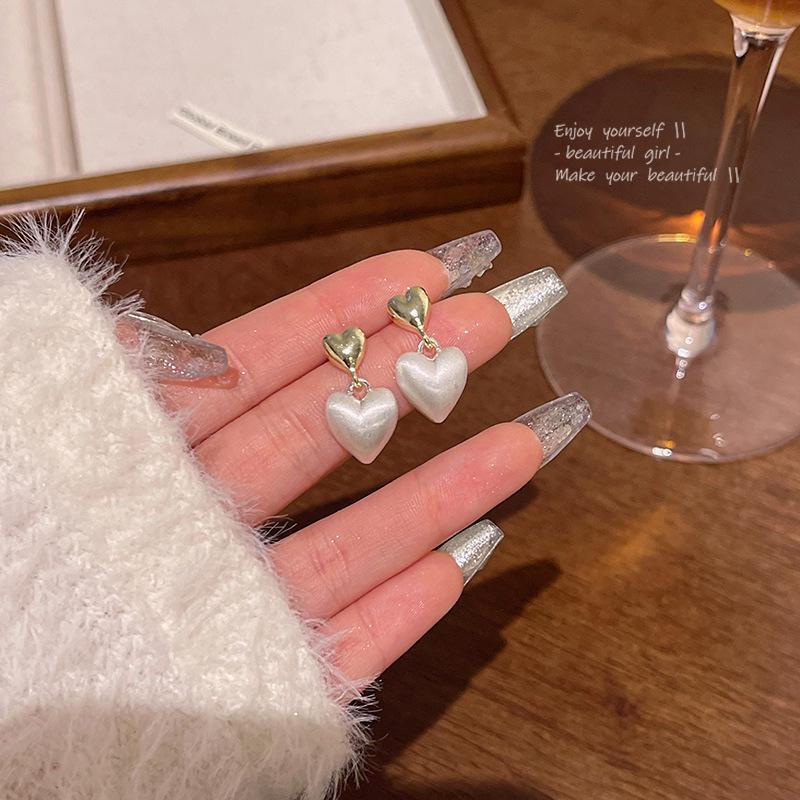 925 Silver Needle Luxury Heart Earrings for Women – Trendy, Versatile, Elegant Celebrity Style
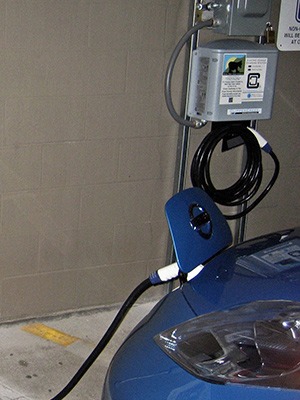 Nissan Leaf charging with ClipperCreek CS station at McGhee Tyson Airport Knoxville TN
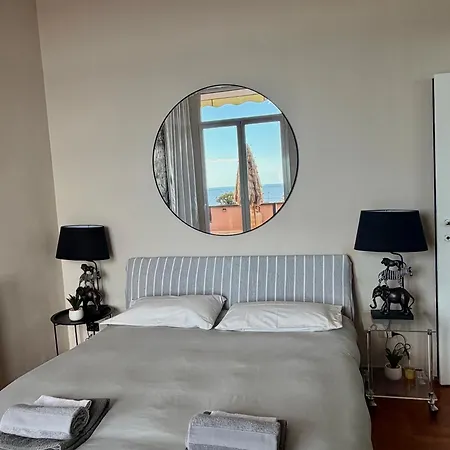 Casa Della Baia With A Beautiful View بيت للعطل *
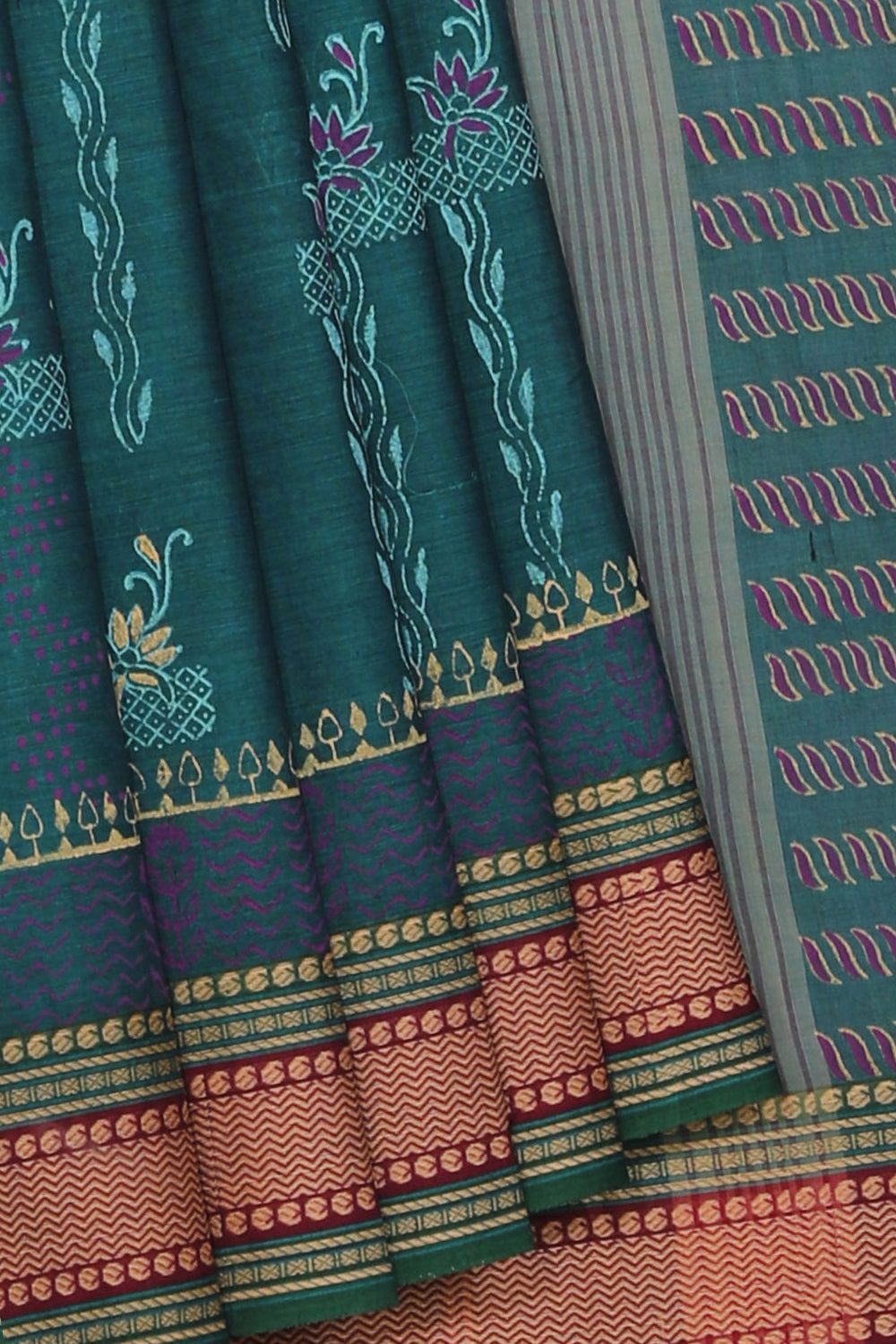 Kalanjali Ethnics Hand block printed cotton saree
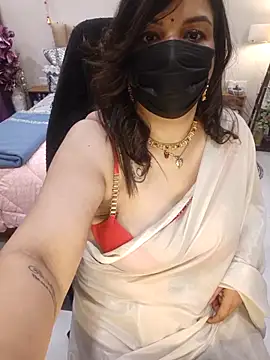 Snapshot of Archi-07 chatting on 02-14-26, 02:25 Archi-07 online show from 02-14-26, 02:25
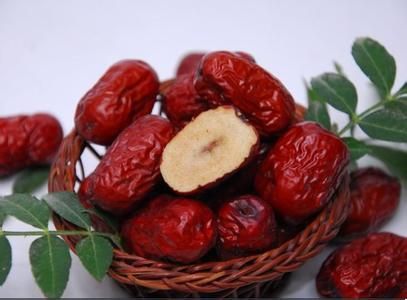 枣的文化:从灾年救命粮到婚庆吉祥物 \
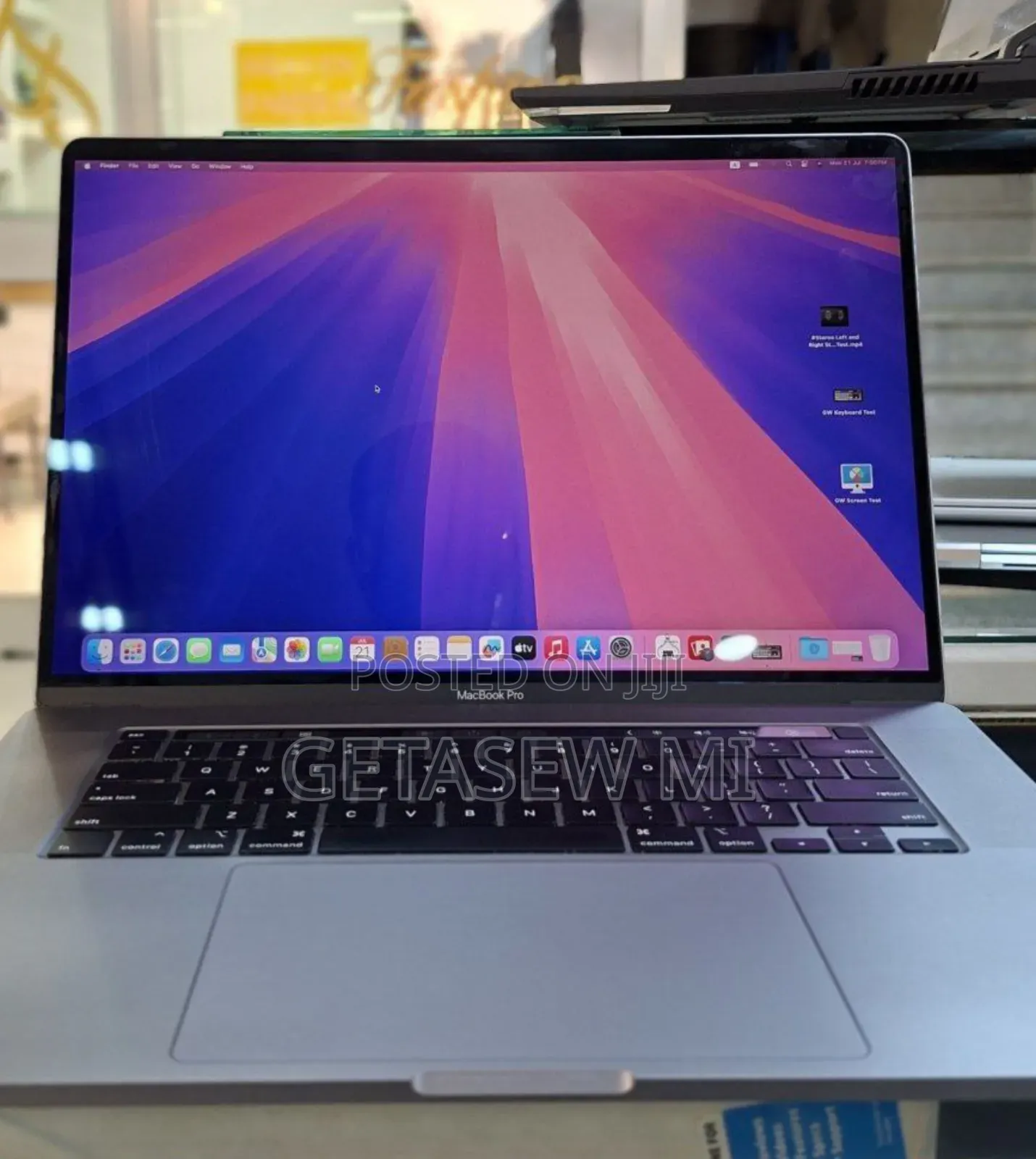 New Laptop Apple MacBook Pro 2019 32GB Intel Core I9 SSD 1T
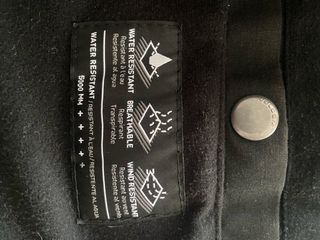 Chaqueta Volcom con capucha negra talla M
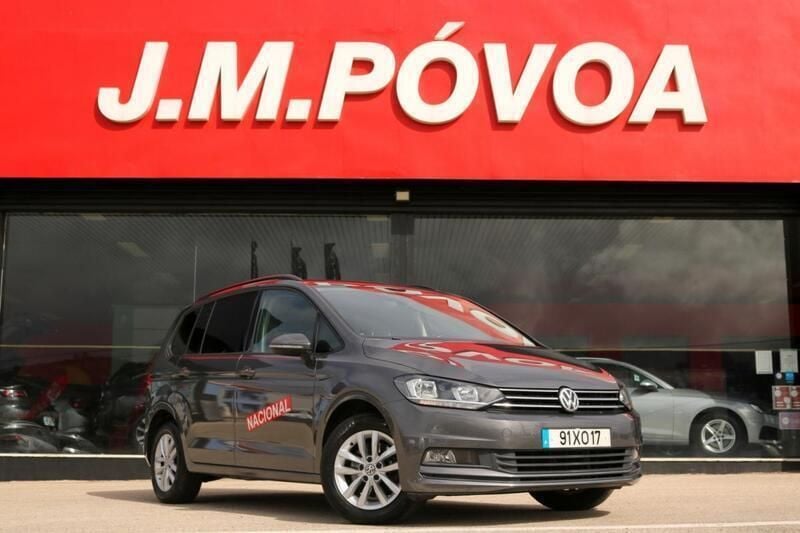 Cinzento Usado 2019 VW Touran Monovolume | € 26.990 (Preço justo) - Imagem 1/4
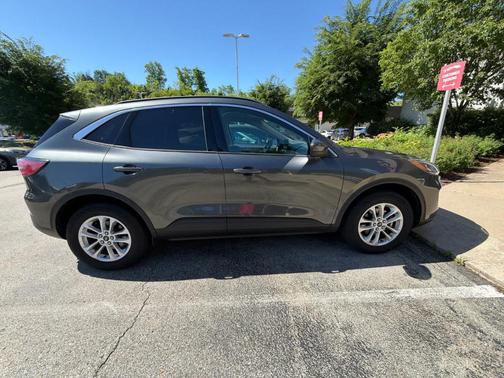 Magnetic Metallic 2020 Ford Escape SE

----

Could you repeat, exactly, only the lines above starting at the one that has "Casa Della Baia" and stopping after the one that has "New Laptop Apple", without the pictures?

 Casa Della Baia With A Beautiful View بيت للعطل *
 Kalanjali Ethnics Hand block printed cotton saree
 Snapshot of Archi-07 chatting on 02-14-26, 02:25 Archi-07 online show from 02-14-26, 02:25
 枣的文化:从灾年救命粮到婚庆吉祥物 \
 New Laptop Apple MacBook Pro 2019 32GB Intel Core I9 SSD 1T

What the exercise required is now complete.